Emma est sincèrement heureuse d'épouser Charles, persuadée d'atteindre avec lui la passion, la félicité et l'ivresse. Il l'aime d'un amour inaltérable mais ils ne sont pas au diapason. La suite, tragique est connue. Emma crie son appétit de vivre. Elle ignore qu'elle court à sa perte. Il ne lui en tiendra pas rigueur, imputant la faute à la fatalité.
L'un comme l'autre sont extrêmement touchants, chacun à leur manière et on comprend la nomination Molière en tant que Révélation féminine pour Sandrine Molaro qu'elle mérite amplement de remporter (même si son expérience théâtrale et cinématographique est solide).
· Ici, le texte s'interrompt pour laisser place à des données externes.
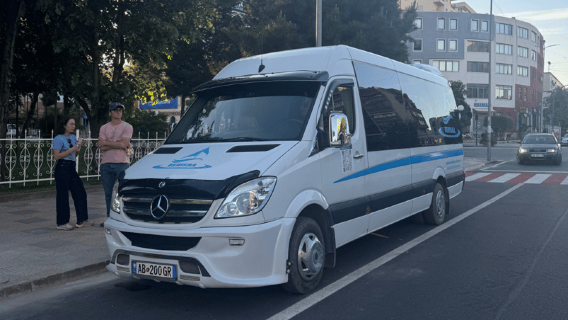Shkodër: Tagesausflug mit Fähre auf dem Komani-See, Kajak und Wanderung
Gustave Flaubert définissait lui-même le bovarysme (en 1858) comme la capacité de l’homme à se concevoir autre qu’il n’est. Le seul moyen de supporter l’existence, c’est de s’étourdir dans la littérature comme dans une orgie perpétuelle.
Paul Emond a respecté dans son adaptation la dimension romantique du roman. Ce qui est nouveau peut-être dans ce qui nous est proposé c'est d'avoir trouvé une écriture permettant à tous les personnages de défiler dans le jeu d'un quatuor, en inventant une dynamique théâtrale spécifique. Car ils ne sont jamais que quatre sur scène, mais toujours quatre.
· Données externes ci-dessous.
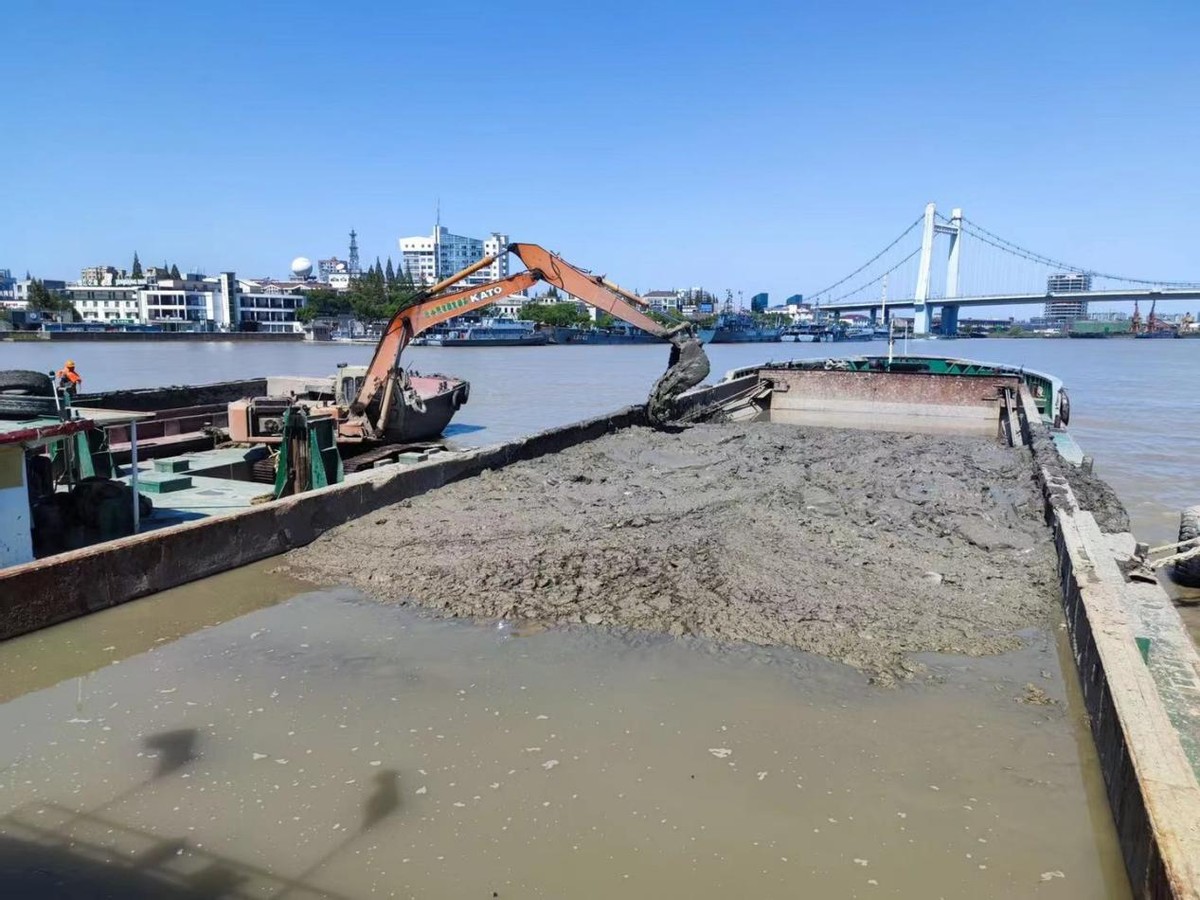 宁波三江河道开启新一轮清淤美颜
Madame Bovary devient un opéra. On sait que la fin sera tragique mais on suit chaque dialogue, on écoute chaque chanson, comme si on ignorait leur destinée. On se prend au jeu des acteurs. On se dit que peut-être il y aura une autre issue. Le spectateur est embarqué dans la noce, le bal, la fête ... Il vit parmi ces gens. Il est plongé dans un autre siècle, un autre monde ...
La musique et les ambiances sonores y participent, comme le rythme et m'ampleur de la rage de vivre de l'héroïne. On ressort troublé par sa capacité d'audace. Sans lui donner raison on se demande si on a un courage équivalent dans nos vies actuelles ...
Madame Bovary de Gustave FlaubertAdaptation de Paul Emond
Mise en scène de Sandrine Molaro et Gilles-Vincent Kapps
Avec Gilles-Vincent Kapps, Félix Kysyl (ou Paul Granier), Sandrine Molaro et David Talbot
Scénographie, Barbara de Limburg
Musique originale, Gilles-Vincent Kapps
Coproduction Théâtre de Poche-Montparnasse, La Fiancée du Requin et Atelier Théâtre Actuel
Spectacle créé le 12 novembre 2015 au Théâtre de Poche-Montparnasse
Représentations du mardi au samedi à 19h et le dimanche à 17h30
01 45 44 50 21
Plusieurs autres spectacles, tout autant de qualité, sont à l'affiche dans ce théâtre, petit par la taille, grand par les idées. Trois figurent dans le palmarès des nominations pour les Molières. Le pari n'était pas gagné d'avance quand Philipe Tesson s'est porté candidat à la reprise du lieu. Il convient aujourd'hui avec grande modestie : c'est vrai qu'on ne peut pas dire qu'on a raté notre entreprise.